What to do
Starting at the first line of the data, print every line up to and including the one with "HSF1 (Phospho-S303) Rabbit", but no pictures.

Provided data

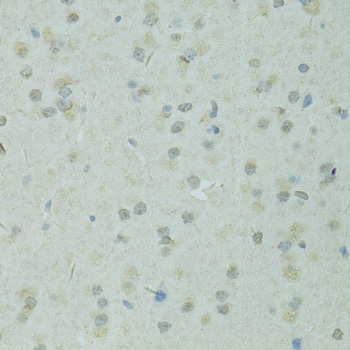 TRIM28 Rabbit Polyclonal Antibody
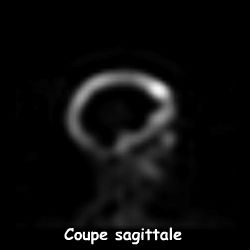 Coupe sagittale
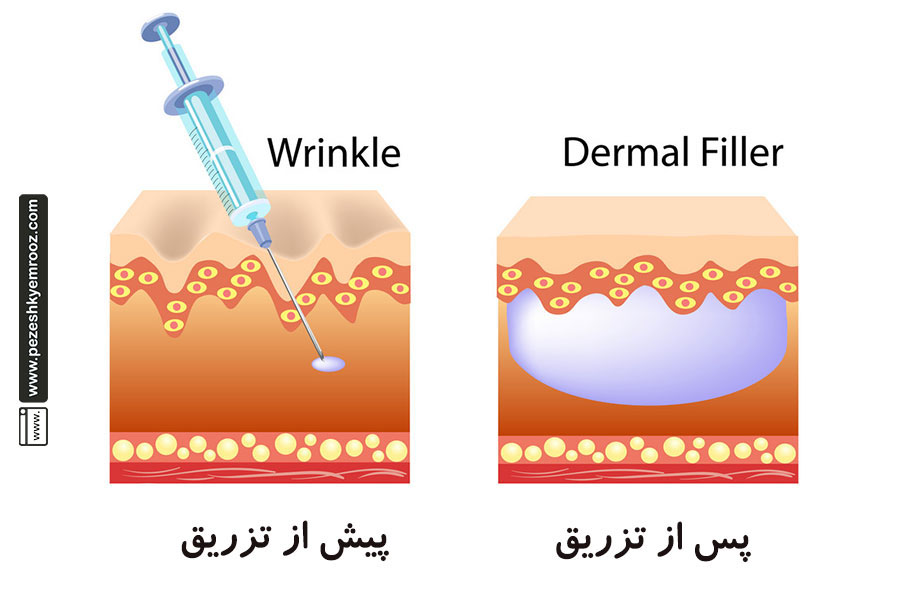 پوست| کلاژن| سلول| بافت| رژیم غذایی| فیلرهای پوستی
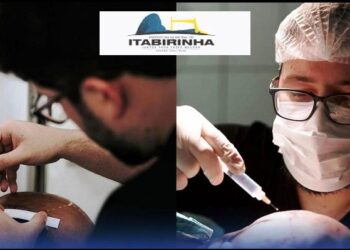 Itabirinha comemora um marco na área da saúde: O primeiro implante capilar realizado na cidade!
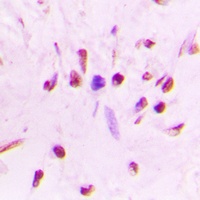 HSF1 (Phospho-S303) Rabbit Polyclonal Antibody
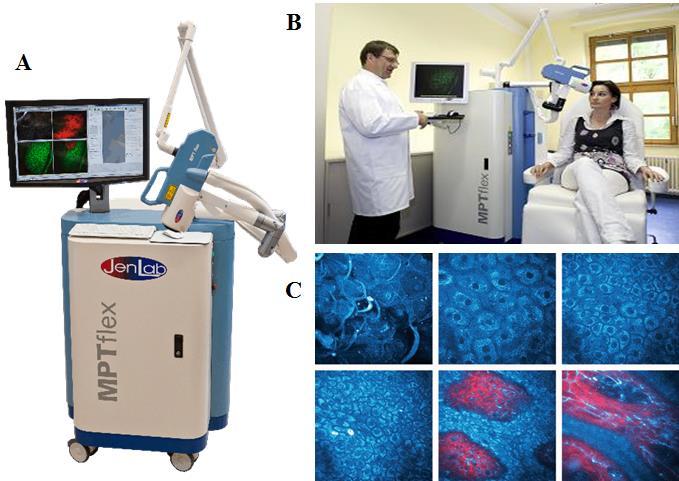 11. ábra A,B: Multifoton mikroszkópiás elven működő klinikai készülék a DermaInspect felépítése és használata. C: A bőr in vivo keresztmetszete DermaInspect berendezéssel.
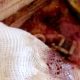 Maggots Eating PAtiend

Response area
 TRIM28 Rabbit Polyclonal Antibody
 Coupe sagittale
 پوست| کلاژن| سلول| بافت| رژیم غذایی| فیلرهای پوستی
 Itabirinha comemora um marco na área da saúde: O primeiro implante capilar realizado na cidade!
 HSF1 (Phospho-S303) Rabbit Polyclonal Antibody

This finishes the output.